Good music has the power to transport. Especially on the dance floor, the right soundtrack can make you close your eyes, leave everything behind and travel to new places. The new album Bennu from Wonderwheel delivers this type of experience. As a complete body of work, or track for track, the album uses the whim of exotica to draw us in and takes us around the globe. It takes teeth to be able to mash up Ghanaian vocals with Ecuadorian marimbas, to host four languages on one album and offer dembow soul next to dancehall and chopped up African rhythms. New York-based producer Thor Partridge, AKA Thornato, shows up and shows off his handling and arranging style with an honest curiosity and admiration for the sounds he stacks. Bennu is a Thor’s sonic bouquet, a collection of musical stems picked from Jamaica, Ecuador, South Africa, Colombia and beyond that when gathered together, seem to enhance each other.
As diverse as the record is, there is a consistency in the approach to the mashups. Thor explains his relationship to music, “…sometimes you meet a stranger and it feels as if you’ve known them forever. Music can be the same. It’s the one language that all human beings can communicate with regardless of language. I’m attracted to sounds that can stand on their own. I don’t like to process sounds too much, I think it loses its soul…” The comfort in Bennu is the way it curates contemporary sounds with traditional elements, building bridges with elements of familiarity.

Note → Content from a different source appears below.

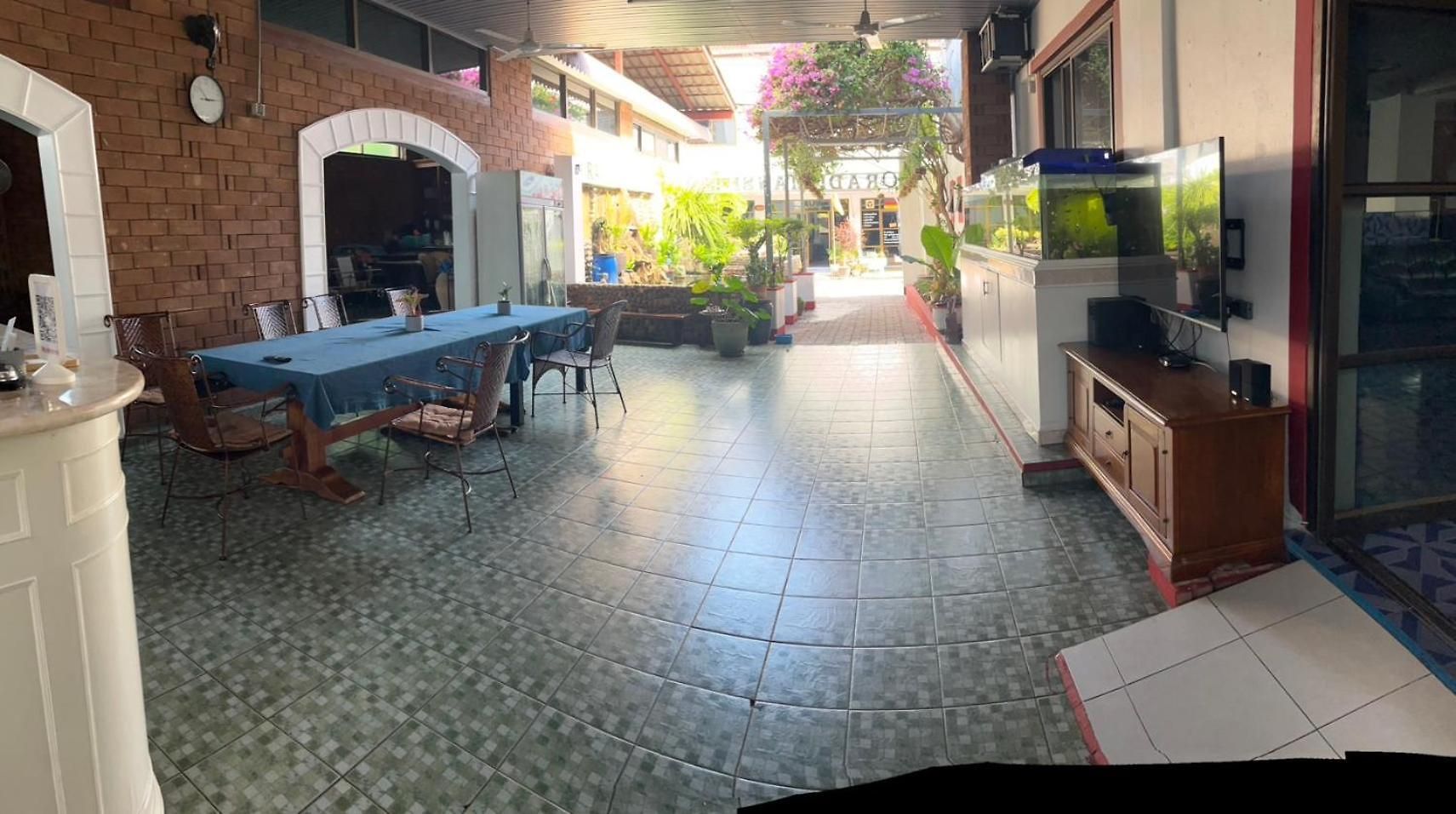 Radi Mansion *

One of the highlights on the album is the Afro-Ecuadorian sound in “El Oro De La Tolita.” Although there has always been a large population of descendants of African slaves in Ecuador, the sonic culture is less recognized than from neighboring countries. Many of these African slaves settled along the northwest coast in the province of Esmeraldas. This is home to Grupo Taribo, featured on the track. “El Oro De La Tolita” pays homage to this place through rhythms dropping along the planks of a marimba, honoring the ancestors that were known for their excellent metal work. Marimba is a Bantu word for xylophone and is an instrument that likely evolved from its ancestor, the balafon, archiving the movements in the African diaspora. With the skills that Thor is steadily becoming known for up and down the Americas, look for the Busy Twist remix of “El Oro De La Tolita” that weaves in Ghanaian singer Abongo in a style that pretty much commands the body to dance.
Another favorite track is “Deux a Deux” that takes us to South Africa. During a month-long recording session in Cape Town, Thor linked with Avi Heavner and Dan Eppel. “Dan’s studio turned in to a meeting place for us and musicians from all over South Africa and beyond. We got to work and record with some amazing musicians, one of which is the legendary uhadi bow player, Madosini. We also worked with some artists from Democratic Republic of the Congo and I become very fond of kwassa kwassa. It’s basically a subgenre of soukous and there are some really nice dance moves that accompany the music.” The track “Deux a Deux” spotlights South African duo Kongo Elektro, made up of Dan Eppel and Mapumba. While the song begins with a gentle South African township cadence, it peaks with Caribbean-inspired raga. In the end, it is all about the drums. The song feels like a postcard from good times, a sonic memento.
“Chemagei” is another fire starter. With angled rhythms that are reminiscent of tracks MIA or Buraka Som Sistema would be on, the song is as raw as it is polished. The vocals come from the Kalenjin people of Kenya and were recorded by the Singing Wells Project, a nonprofit organization with the London record label Abubilla Music and Ketebul Music in Kenya. The aim of the project is to identify, preserve and promote diverse musical traditions in eastern Africa. I would say mission accomplished in this track.
After hearing the album a few times, the reason for its name Bennu becomes apparent. According to Egyptian myth, the bennu bird is a self-created deity that represents the soul of Ra, a sun god. The bennu rises from dust, like a phoenix, and soars. The album never loses sight of traditions, but is far from bound by them. Guarantee this won’t be the last time you will be hearing about Bennu: like the legend, it is about to take flight.